Una curiosità, per dimostrare che scavare nel passato non serve "solo" a studiare la vita ai tempi di Minosse, ma fornisce spunti sempre vivaci all’attualità sociopolitica. Proprio a Lemno negli anni Trenta l’allora direttore della Scuola archeologica italiana ad Atene, Alessandro Della Seta (poi cacciato in quanto ebreo) aveva trovato un’iscrizione in una lingua molto simile all’etrusco. Pochi anni fa un altro archeologo, questa volta greco, ha trovato sempre a Lemno un’altra iscrizione del quinto secolo avanti Cristo redatta sempre in simil-etrusco. Proprio lo storico greco Tucidide, autore delle "Guerre del Peloponneso" confermava che a Lemno "abitano i Tirreni". "Probabilmente Lemno era una base commerciale per i pirati-commercianti Tirreni" commenta Emanuele Greco. Ma guai a insinuare in Grecia, soprattutto in un’isola a un tiro di schioppo dalla costa anatolica, che la stessa isola ha avuto forse una fase "pre-greca". Il sindaco di Lemno vede gli archeologi come il fumo negli occhi.
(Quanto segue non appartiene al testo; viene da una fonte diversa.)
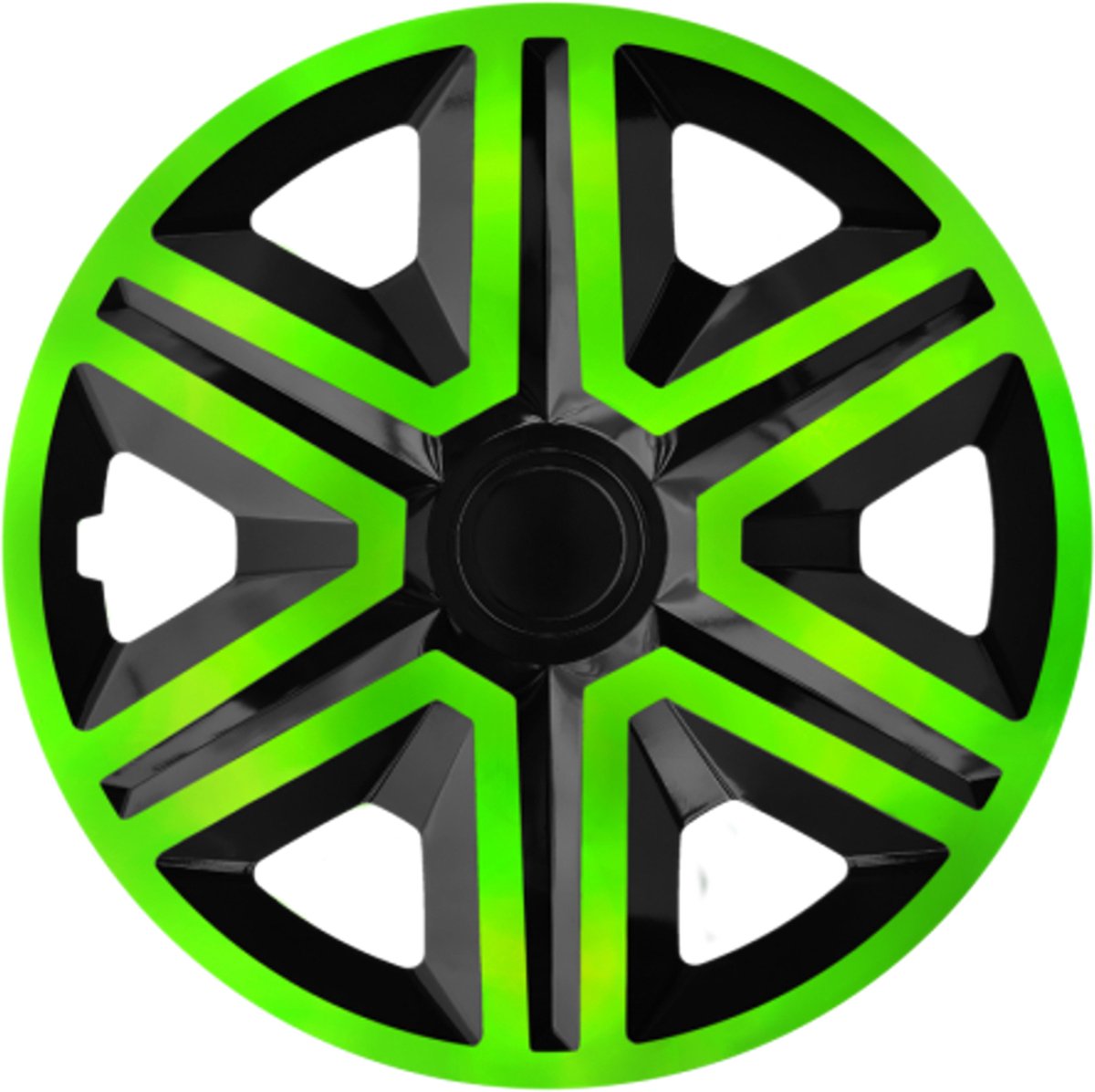 NRM Action - Universele wieldop 16" - groen/zwart 1 stuk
Eppure l’archeologia serve a rafforzare anche l’Unione europea e i rapporti fra gli Stati membri. Fra qualche mese nell’ingresso del Parlamento ellenico svetterà proprio una copia tridimensionale dell’iscrizione di Gortyna scoperta da Federico Halbherr, donata dalla Provincia autonoma di Trento che alla cooperazione culturale con la Grecia, dove lavorarono i suoi tre grandi archeologi, tiene molto.